【電子号外】長谷部さん(宇大4年、小山)がプロ棋士に 栃木県出身者で戦後初

【電子号外】長谷部さん(宇大4年、小山)がプロ棋士に 栃木県出身者で戦後初

 日本将棋連盟のプロ棋士養成機関「奨励会」の第62回三段リーグに所属している宇都宮大4年長谷部浩平(はせべこうへい)さん(23)=小山市城東1丁目=が4日、東京都渋谷区の将棋会館で行われたリーグ戦で2連勝して1位が確定した。4月から四段に昇段し、プロ棋士となることが決まった。

 本県出身のプロ棋士は佐野市の故永沢勝雄(ながさわかつお)八段(1904~85年)以来2人目で、戦後は初めて。

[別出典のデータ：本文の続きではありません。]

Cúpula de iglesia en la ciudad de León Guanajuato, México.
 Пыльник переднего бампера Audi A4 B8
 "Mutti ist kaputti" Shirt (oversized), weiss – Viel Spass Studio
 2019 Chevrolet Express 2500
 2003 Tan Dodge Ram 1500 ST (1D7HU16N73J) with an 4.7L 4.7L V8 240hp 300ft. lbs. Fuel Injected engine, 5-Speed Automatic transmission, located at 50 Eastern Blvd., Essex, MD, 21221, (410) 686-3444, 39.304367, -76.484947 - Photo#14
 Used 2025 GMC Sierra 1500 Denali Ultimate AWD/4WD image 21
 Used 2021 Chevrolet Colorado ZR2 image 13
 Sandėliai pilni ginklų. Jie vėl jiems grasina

 長谷部さんは下野新聞社の取材に「2局とも苦しい展開だったが、中盤から自分の将棋を指せ、勝ちきることができました。棋士として頑張るだけでなく、栃木県出身者として普及にも貢献できれば。まず1年間を頑張って、結果を残したい」と語った。

 第62回三段リーグ(17年10月~18年3月)には36人が参加し、それぞれ18回対局して上位2人がプロ(四段以上)となる。長谷部さんは初戦で「女流5冠」で女性初のプロ棋士を目指した里見香奈(さとみかな)さん(26)に敗れたものの、7回戦まで6連勝。8回戦で惜敗したが、その後は8勝2敗と安定した力を発揮し、昨年11月以降は首位を守った。最終成績は14勝4敗。

 長谷部さんは5歳から将棋を始め、12歳(小学6年)で奨励会入会。6級からスタートし栃木高1年の10年4月初段、12年7月二段、15年10月には三段となった。今後は順位戦やタイトル戦の予選会などに出場する。